Published November 15, 2013
JPMorgan Chase & Co (JPM) said on Friday it has agreed to pay $4.5 billion to settle claims by investors who lost money on mortgage-backed securities before the collapse of the U.S. housing market.
The bank reached the agreement with 21 institutional investors in 330 residential mortgage-backed securities trusts issued by JPMorgan and Bear Stearns, which it took over during the financial crisis, according to the bank and lawyers for the investors.
The deal still has to be accepted by trustees for the trusts holding the securities, the parties said.
The settlement does not include trusts issued by Washington Mutual, which JPMorgan also acquired.

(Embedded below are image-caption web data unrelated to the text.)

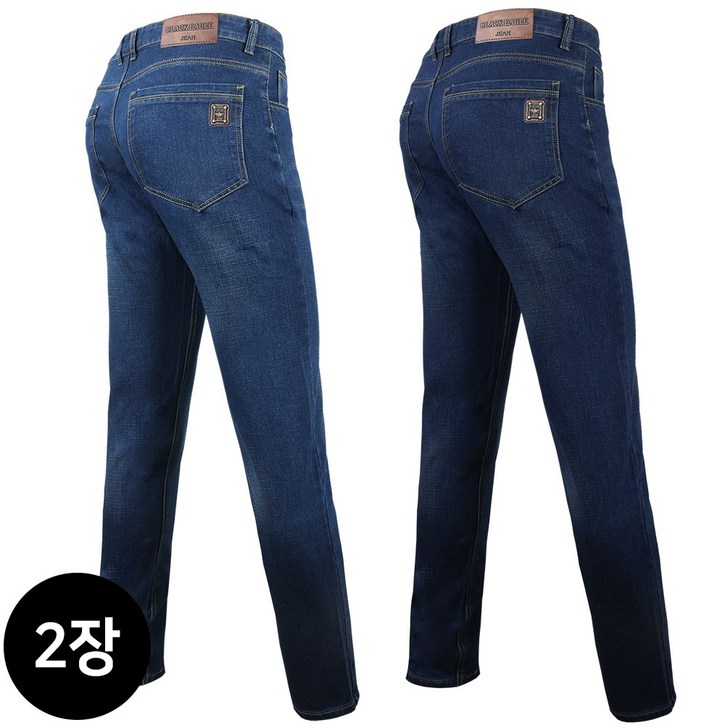 2장 SPM NEW 패션 스판 청바지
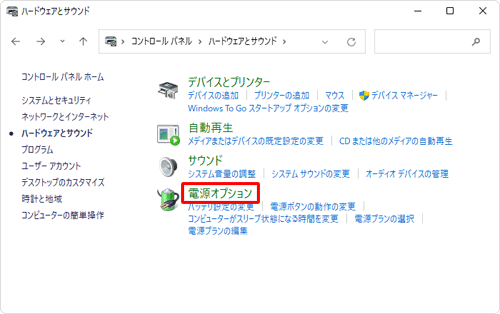 「電源オプション」をクリックします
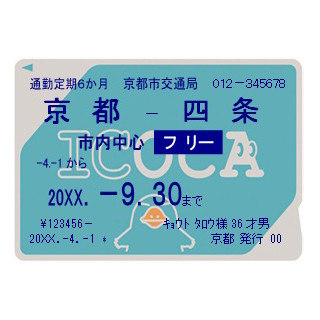 「ICOCA」京都市交通局・山陽電気鉄道など関西6社局で来年春から販売開始へ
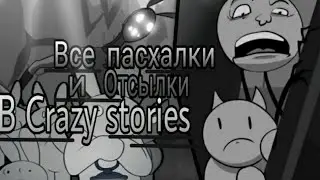 Все пасхалки и отсылки в Crazy stories
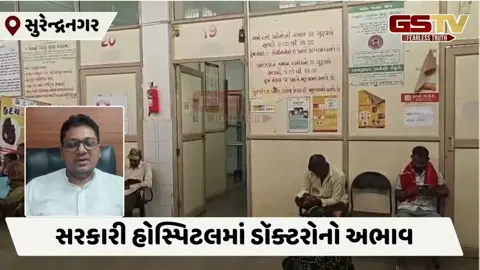 Surendranagarની સરકારી હોસ્પિટલમાં સુવિધાઓના અભાવના કારણે આરોગ્યની પરિસ્થિતિ કથળી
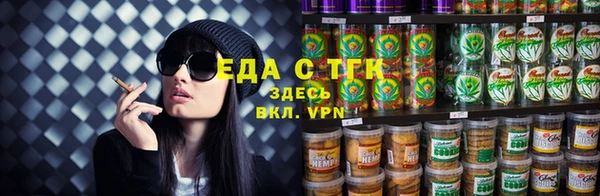 трава Бугульма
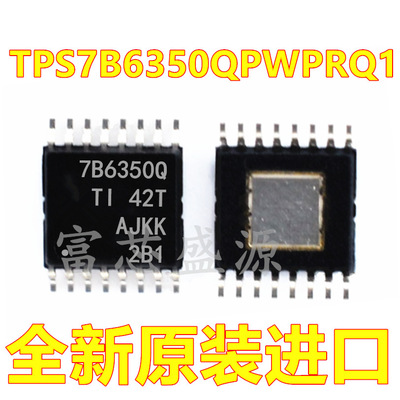 TPS7B6350QPWPRQ1 TPS7B6350 7B6350Q TSSOP-16 全新原装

The deal is separate from the preliminary $13 billion settlemnet JPMorgan has reached with the U.S. government that would resolve a raft of actions over mortgage-backed securities.
"This settlement is another imoprtant step in J.P. Morgan's efforts to resolve legacy related RMBS matters," the bank said in a statement.
Under the agreement, trustees have until Jan. 15 to accept the offer, which may be extended for another 60 days, according to Gibbs & Bruns, the Houston law firm that represented the institutional investors.
The 21 investors include BlackRock Inc, Metlife Inc, Allianz SE's Pacific Investment Management Company, th e TCW Group and Bayerische Landesbank.
If accepted, the deal would resolve claims that JPMorgan and Bear Stearns misrepresented the mortgages underlying the securities, JPMorgan said. It would also resolve servicing claims on all trusts issued by the bank and Bear Stearns between 2005 and 2008.